However, depressed mood and cognitive complaints do not always respond to pharmacotherapy. In the elderly especially, it is also clear that the presence of depression (and other emotional symptoms), even without demonstrable cognitive deficits, by no means excludes the possibility of underlying organic disease. In some persons, depression either by itself or with cognitive symptoms can be the first sign of AD or another form of dementia.19,20

A factor that may help in the differential diagnosis is the patient's age. Younger persons with cognitive complaints are far less likely to have dementing illness than older persons with equivalent symptoms. On the other hand, cases of young-onset dementia undoubtedly exist, and some of the most difficult scenarios involve persons in late middle age (mid 50s) to 70 in whom a diagnosis of depression or dementia is plausible. Furthermore, there is no clear cutoff age to confidently predict that the cognitive symptoms are not related to an incipient progressive dementia.

Clinical experience suggests certain qualitative distinctions between cognitive complaints that are suggestive of incipient dementia and those that are more typically the result of impaired concentration, attention, and other factors. Thus, persons with neurologically benign forms of memory impairment frequently complain of periodic lapses of memory, with more or less intact cognition in between. They are more likely to endorse such items as "difficulty in focusing," "trouble with concentrating," and "problems in paying attention," when questioned about their symptoms. A typical complaint is that of starting to do something but then forgetting what was intended to be done.

Transient difficulty in remembering the names (but not other features) of persons and objects is another common complaint that in itself does not necessarily imply serious cognitive disturbance. However, failure to recognize a face that should be familiar or the correct name of an object when presented with multiple choices is far more ominous. In turn, forgetting some of the details of an event is less important than failing to remember the event itself. It must be stressed, however, that none of these clinical observations is infallible, nor is there much objective data to back them up.

The concordance between the complaints of the patient and those of an informant is probably important in making a differential diagnosis, but not without its own ambiguities. If the informant sees no evidence of cognitive symptoms despite complaints on the part of the patient, the neurological prognosis is often quite good. If, on the other hand, the informant notices problems that the patient is unaware of, the prognosis is more guarded. At the same time, however, it must be recognized that laypersons are not always astute observers of the mental state, and there may be a host of other factors that affect the objectivity of their observations.

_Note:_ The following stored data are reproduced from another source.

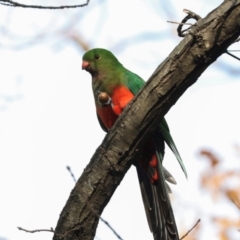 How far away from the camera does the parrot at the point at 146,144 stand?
3.43 meters

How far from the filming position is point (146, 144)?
379 cm

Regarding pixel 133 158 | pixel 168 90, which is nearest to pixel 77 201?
pixel 133 158

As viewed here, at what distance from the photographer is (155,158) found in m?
3.79

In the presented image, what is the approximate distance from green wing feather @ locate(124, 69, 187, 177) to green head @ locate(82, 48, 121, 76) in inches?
7.8

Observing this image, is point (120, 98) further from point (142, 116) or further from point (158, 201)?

The evaluation of cognitive complaints remains an important, but difficult, issue in neuropsychiatric diagnoses. Although objective demonstration of cognitive deficit is always helpful and is the gold standard against which other diagnostic methods must be measured, clinical mental status testing is often too brief to pick up subtle changes, and detailed neu- ropsychological testing is not available in many clinical settings. Furthermore, as discussed, there appear to be many instances in which subjective complaint is more sensitive than objective testing in predicting subsequent progression to organic dementia. The reverse situation, in which patients and sometimes caregivers are unaware of cognitive deficits that are plainly apparent on mental status testing, is another impediment to timely diagnosis.

The problem of delayed diagnosis of dementia probably can be overcome to some extent by better public awareness and by having general physicians routinely question patients and family members about cognition and by testing patients for cognitive symptoms. The problem of differentiating benign from pathological cognitive complaints is a much more difficult issue to resolve. There is a striking lack of hard data to confirm or disprove traditional clinical teachings regarding this issue.

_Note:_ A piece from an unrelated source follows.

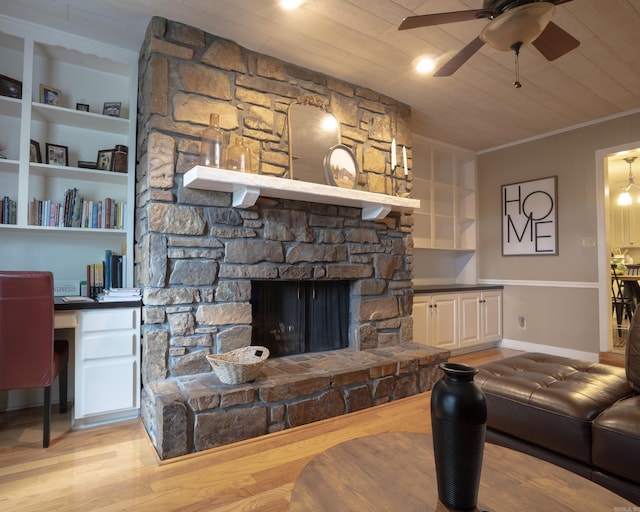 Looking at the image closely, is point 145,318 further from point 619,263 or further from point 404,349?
point 619,263

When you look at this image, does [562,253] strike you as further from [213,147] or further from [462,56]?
[213,147]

Although numerous memory and cognitive questionnaires exist,21-23 these instruments typically provide an overall quantitative measure of cognitive complaint. Perhaps studies that examine qualitative patterns of memory complaint will provide the diagnostician with helpful information in distinguishing benign cognitive complaints from complaints heralding incipient dementia. Until reliable and predictive biomarkers of neurodegenerative diseases become available, it remains up to the clinician, using traditional clinical techniques, to make these important distinctions.

References:

REFERENCES


1.

Seltzer B, Zolnouni P, Nunez M, et al. Efficacy of donepezil in early-stage Alzheimer disease: a randomized placebo-controlled trial [published correction appears in

Arch Neurol.

2005;62:825].

Arch Neurol.

2004;61:1852-1856.

2.

Seltzer B. Are Alzheimer's patients aware of their deficits? In: Richter RW, Zoeller-Richter B, eds.

Alzheimer's Disease: A Physician's Guide to Practical Management.

Totowa NJ: Humana Press; 2003:407-411.

3.

Seltzer B. Early detection of Alzheimer's disease.

Aging Health.

In press.

4.

Petersen RC, Smith GE, Waring SC, et al. Mild cognitive impairment: clinical characterization and outcome.

Arch Neurol.

1999;56:303-308.

5.

Gauthier S, Reisberg B, Zaudig M, et al. Mild cognitive impairment.

Lancet.

2006;367:1262-1270.

6.

Winblad B, Palmer K, Kivipelto M, et al. Mild cognitive impairment-beyond controversies, towards a consensus: report of the International Working Group on Mild Cognitive Impairment.

J Intern Med.

2004;256:240-246.

7.

Tabert MH, Albert SM, Borukhova-Milov L, et al. Functional deficits in patients with mild cognitive impairment: prediction of AD.

Neurology.

2002;58:758-764.

8.

Vogel A, Stokholm J, Gade A, et al. Awareness of deficit in mild cognitive impairment and Alzheimer's disease: do MCI patients have impaired insight?

Dement Geriatr Cogn Disord.

2004; 17:181-187.

9.

Fisk JD, Merry HR, Rockwood K. Variations in case definition affect prevalence but not outcomes of mild cognitive impairment.

Neurology.

2003; 61:1179-1184.

10.

Meguro K. Subjective memory complaints are not sine qua non as diagnostic criteria for MCI: the Tajiri project.

Acta Neurol Taiwan.

2006;15:55-57.

11.

Purser JL, Fillenbaum GG, Wallace RB. Memory complaint is not necessary for diagnosis of mild cognitive impairment and does not predict 10-year trajectories of functional disability, word recall, or short portable mental status questionnaire limitations.

J Am Geriat Soc.

2006;54:335-338.

12.

Kalbe E, Salmon E, Perani D, et al. Anosognosia in very mild Alzheimer's disease but not in mild cognitive impairment.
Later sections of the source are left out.